* [Task instructions] Starting at the line with "Stipagrostis ciliata", retype every remaining line of the records exactly. Do not include pictures.

* [Exercise inputs]
####################
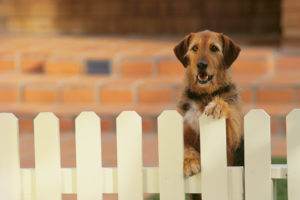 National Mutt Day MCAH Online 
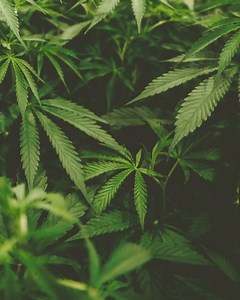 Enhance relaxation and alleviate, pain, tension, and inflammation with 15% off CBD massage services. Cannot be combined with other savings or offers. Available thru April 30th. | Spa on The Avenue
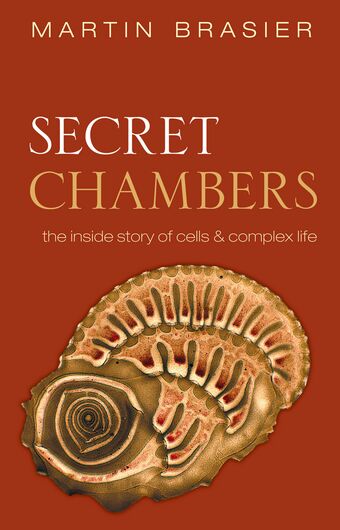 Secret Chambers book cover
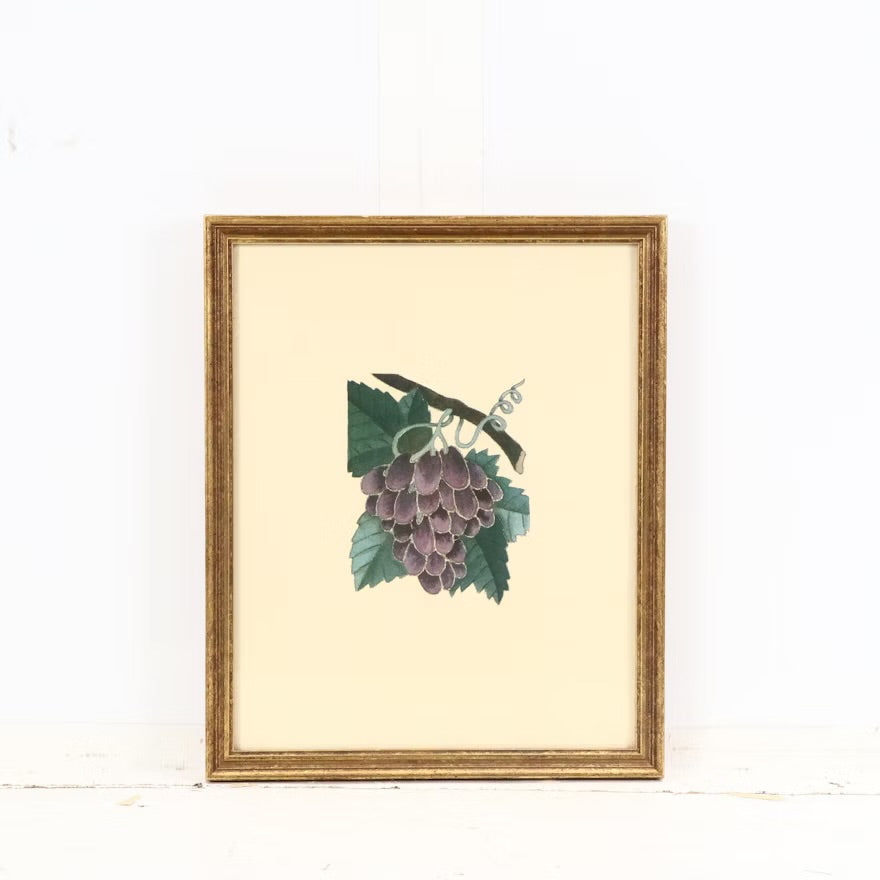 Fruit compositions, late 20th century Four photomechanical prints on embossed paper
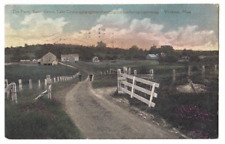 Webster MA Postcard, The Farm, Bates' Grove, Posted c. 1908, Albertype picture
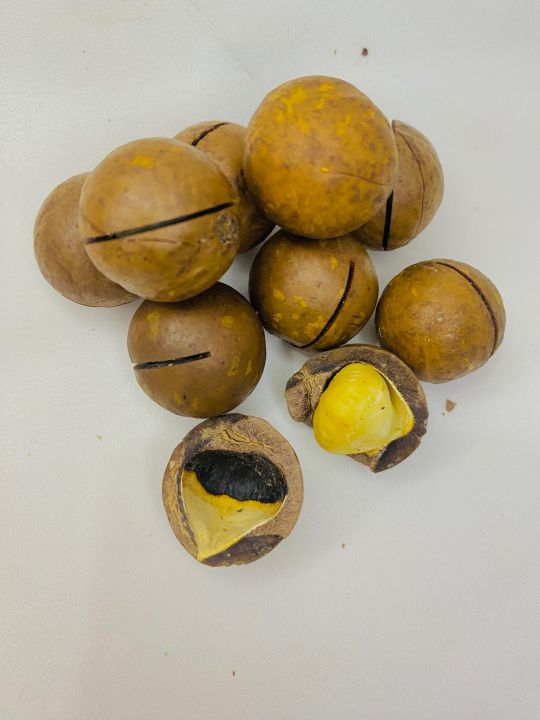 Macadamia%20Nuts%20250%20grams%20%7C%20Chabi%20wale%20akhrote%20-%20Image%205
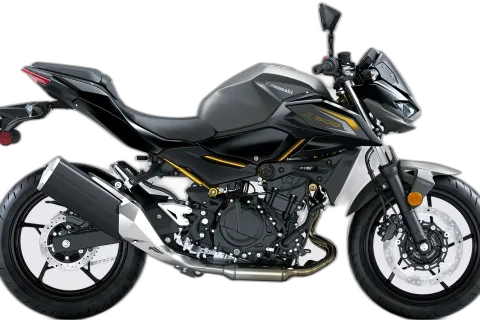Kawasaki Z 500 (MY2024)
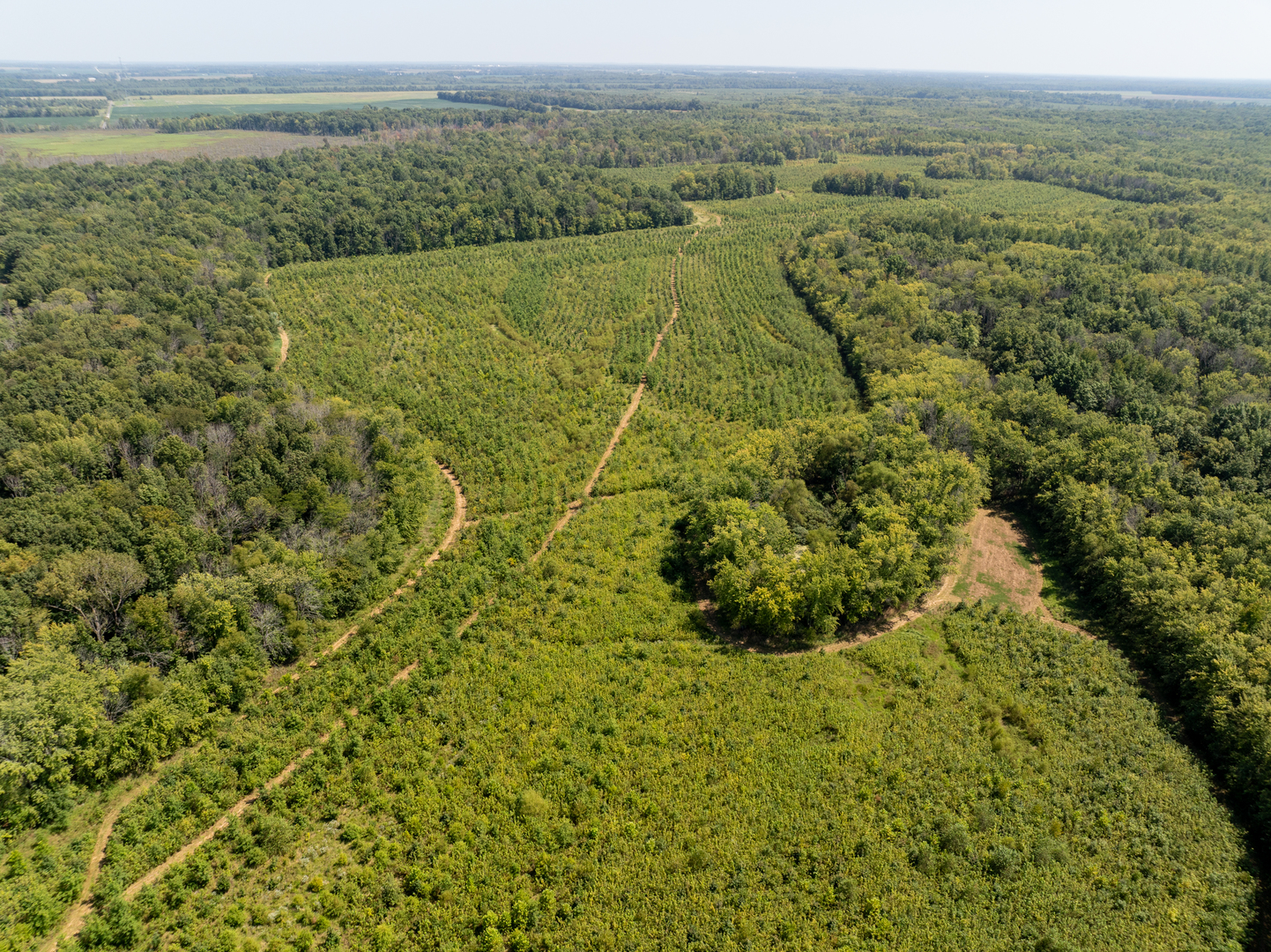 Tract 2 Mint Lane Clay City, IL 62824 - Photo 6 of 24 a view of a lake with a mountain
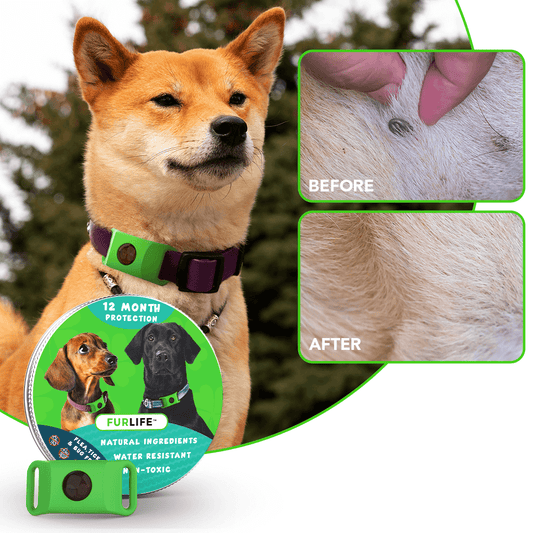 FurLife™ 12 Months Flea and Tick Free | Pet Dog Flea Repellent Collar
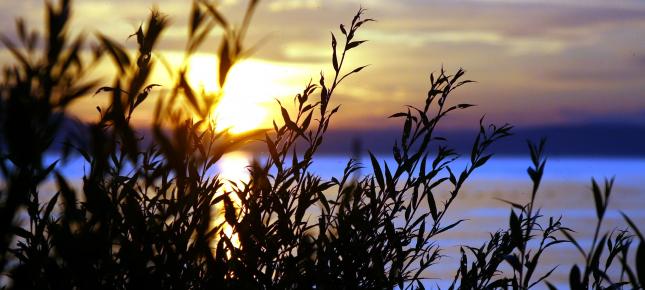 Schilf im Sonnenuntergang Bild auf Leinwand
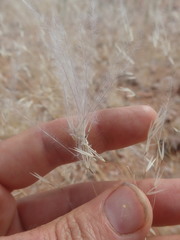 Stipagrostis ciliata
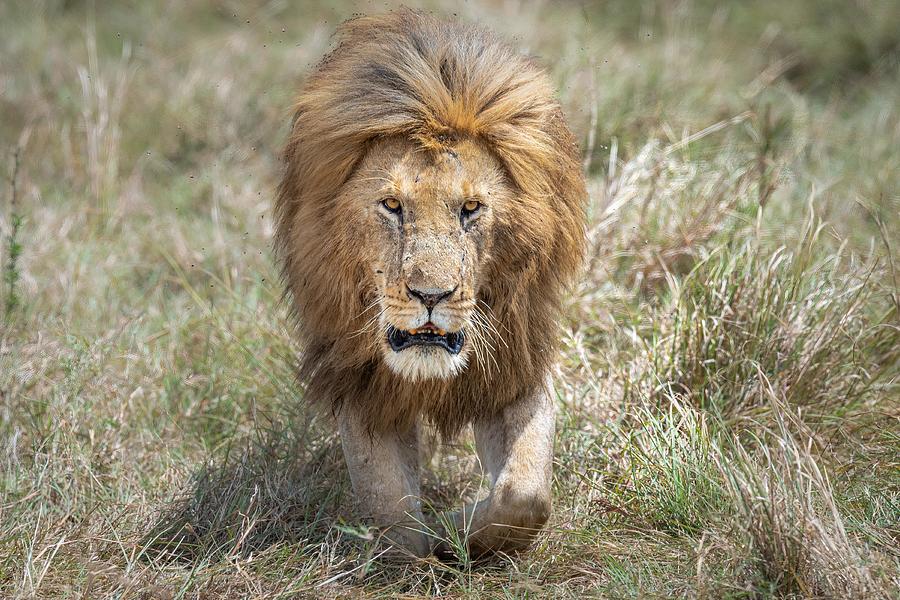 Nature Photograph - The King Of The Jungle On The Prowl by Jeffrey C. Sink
####################
* [Result]
 Stipagrostis ciliata
 Nature Photograph - The King Of The Jungle On The Prowl by Jeffrey C. Sink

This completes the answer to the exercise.